Video
Author(s):
Samer A. Srour, MB ChB, MS, discusses the mechanism of action of ALLO-316, which is being investigated for the treatment of patients with advanced or metastatic clear cell renal cell carcinoma, and details safety findings from the phase 1 TRAVERSE study evaluating ALLO-316 in this patient population.
Samer A. Srour, MB ChB, MS, assistant professor, Department of Stem Cell Transplantation and Cellular Therapy, Division of Cancer Medicine, The University of Texas MD Anderson Cancer Center, discusses the mechanism of action of ALLO-316, which is being investigated for the treatment of patients with advanced or metastatic clear cell renal cell carcinoma (RCC), and details safety findings from the phase 1 TRAVERSE study (NCT04696731) evaluating ALLO-316 in this patient population.

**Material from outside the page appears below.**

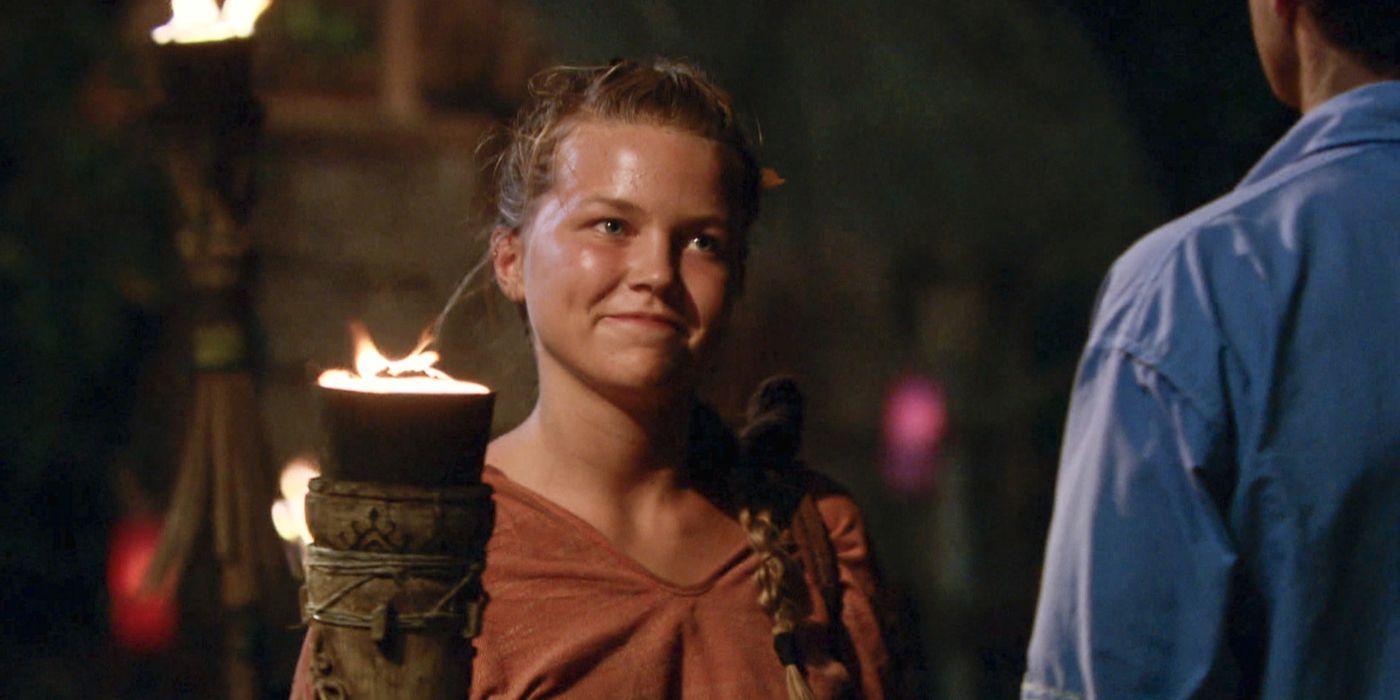 Julia getting her torched snuffed on Survivor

Preliminary data presented at the 2023 AACR Annual Meeting showed ALLO-316 demonstrated antitumor activity and a favorable safety profile. In the efficacy evaluable population (n = 18), the overall response rate (ORR) was 17%, and the disease control rate (DCR) was 89%. Among patients with CD70-positive RCC (n = 10), 3 patients (30%) achieved a partial response, the DCR was 100%, and the median progression-free survival was 5.0 months.
TRAVERSE is a first-in-human study of ALLO-316, which is an off-the-shelf, CD70-targeted CAR T-cell therapy. CD70 is a tumor antigen expressed in several solid tumors and hematologic malignancies, and it is highly expressed in patients with kidney cancer, Srour notes. ALLO-316 is being examined in patients with RCC who have failed the standard therapies, who generally have a poor prognosis, he adds.
Findings from the dose-escalation portion of the trial showed that no unexpected safety signals were reported. One patient treated at the second dose level with conditioning therapy and ALLO-647 experienced a dose-limiting toxicity of grade 3 type 2 autoimmune hepatitis. Additionally, 2 patients had grade 3 neurotoxicity (syncope and fatigue), and 1 patient died due to respiratory failure from COVID-19 infection, which was unrelated to the study treatment.
Cytokine release syndrome (CRS) was manageable, and no instances of immune effector cell–associated neurotoxicity syndrome or graft-vs-host disease were reported.
Many challenges have been faced with the investigation of CAR T-cell therapies in solid tumors, as many of the studies to date have not demonstrated a clinically meaningful benefit. However, ALLO-316 elicited responses in this study, Srour concludes.